In particular, I thought Howard’s response was spot-on. “Self-publishing means you trade getting past the gatekeepers for getting the attention of signal-boosters.” In other words, you still have to impress influential readers in order to get your work out there. And it’s still a lot of work. It still involves being able to sell your book to a small group of influential people. It’s just a different group, and depending on the appeal of your work, it might be a group you have a better shot of pleasing.
However, the most useful bit for me was Brandon’s contribution (I think–he and Dan sound a lot alike). He said he’s changed his belief that self-publishing success was about platform building. His data indicates that the majority of indie authors who are making a living are not “platform writers.” Instead, they’re writers who are putting out a lot of short fiction very fast, releasing 6-7 books per year and earning ~$50,000 per year. They’re not the big million-selling success stories that make all the headlines, but they’re the ones really driving the market.
This, of course, makes me both happy and sad. Happy, because I have put out 6-7 books this year, and a very short novel is the longest among them. Sad, because I spent my entire royalty to date on a Chinese buffet, which is a far cry short of $50,000 per year.

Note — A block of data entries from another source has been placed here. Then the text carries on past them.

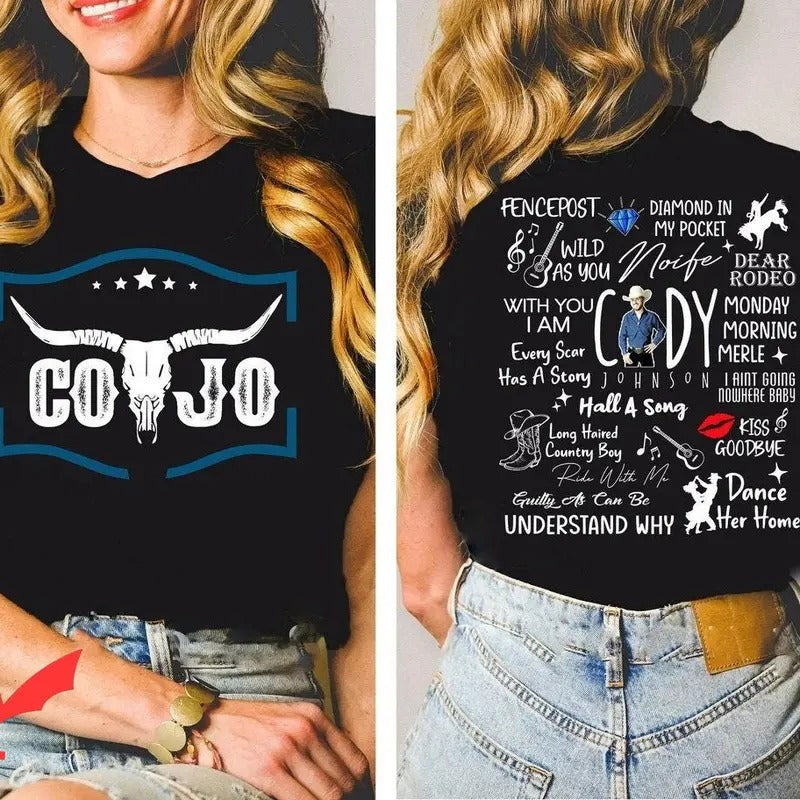 C0dy J0hnson 2 Sides Country Music Shirt Concert Fans Short Sleeve Shirt Casual T-Shirts, Hoodie, Sweatshirt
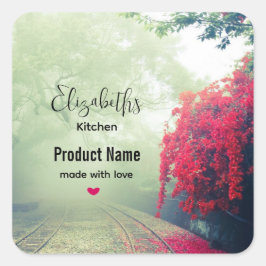 Foto van Misty Train Tracks & Red Tree - Keuken Vierkante Sticker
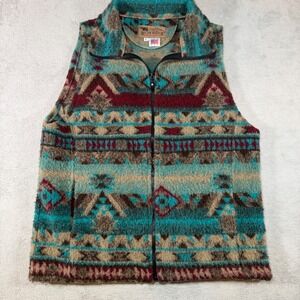 Bear Ridge Outfitters Mens Large Fleece Vest Southwestern Geometric Full Zip USA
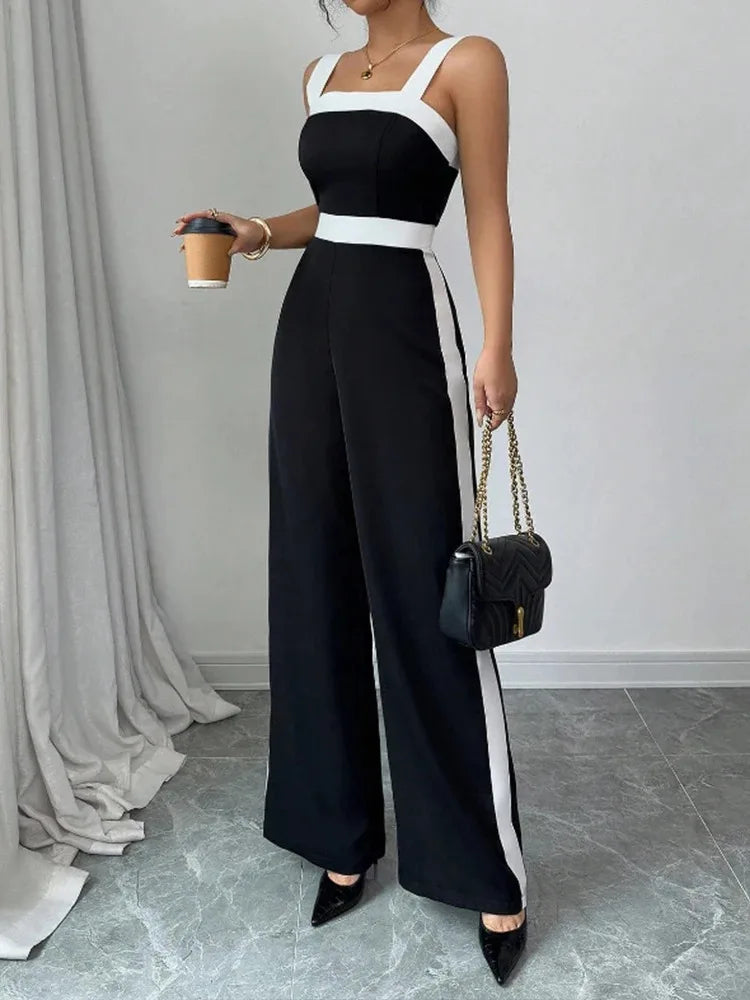 Women's Casual Black Jumpsuit White Contrast Trim Square Neck Great for City Nights Social Gatherings Fashionable Wear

However, aside from the feels of it all, it was valuable information. I’ve spent most of this month plotting my fiction writing career. (As opposed to plotting my fiction, but we’ll get there, too. Eventually.)

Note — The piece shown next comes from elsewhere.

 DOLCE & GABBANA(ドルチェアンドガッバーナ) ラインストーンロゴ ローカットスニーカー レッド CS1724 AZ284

Further into the podcast, there was another interesting question:
What is the hardest thing about your career now?
Both Mary and Brandon said that the amount of time they have to spend doing stuff other than writing is their biggest challenge. That because they have so many speaking engagements and spend so much time traveling to promote their books, it’s actually more difficult to find time to write now, at the height of their success, than it was when they were “mid-list” writers.
Taken together, they paint an interesting picture about what might be the most desirable career path for me personally.
I’ll be honest, I’ve never been attracted to the idea of courting fame. My theater and radio background mean I’m comfortable being the center of attention, but I don’t really crave it. It sounds like there’s a tier of success to be had for those who favor production over promotion. Which is not in any way a judgment on people for whom the opportunity to travel, do conventions and conferences and speak at events is a reward. One of the reasons to do this whole crazy writing thing. We all have our own goals and desires, and that’s okay.
For me, it’s more of a cost. I’ve figured out that much thanks to the very similar state of affairs in my current industry. I’ve done some speaking. I’ve done some events. It’s exhausting. Frankly, I’d rather be the “behind the scenes” person.
It’s encouraging to hear evidence that I can build a career around being prolific and writing lots of shorter fiction. Because frankly, I’m good at that. Especially because thanks to my current career, I know darn well how much work it takes to build and maintain a platform. Too much work and energy for me to have much left over to actually write. At least, not at the pace I prefer.
I’ll court the fame monster if I have to, but frankly, I’d rather just write really fun stories. It’s good to hear a professional say that’s probably a viable option.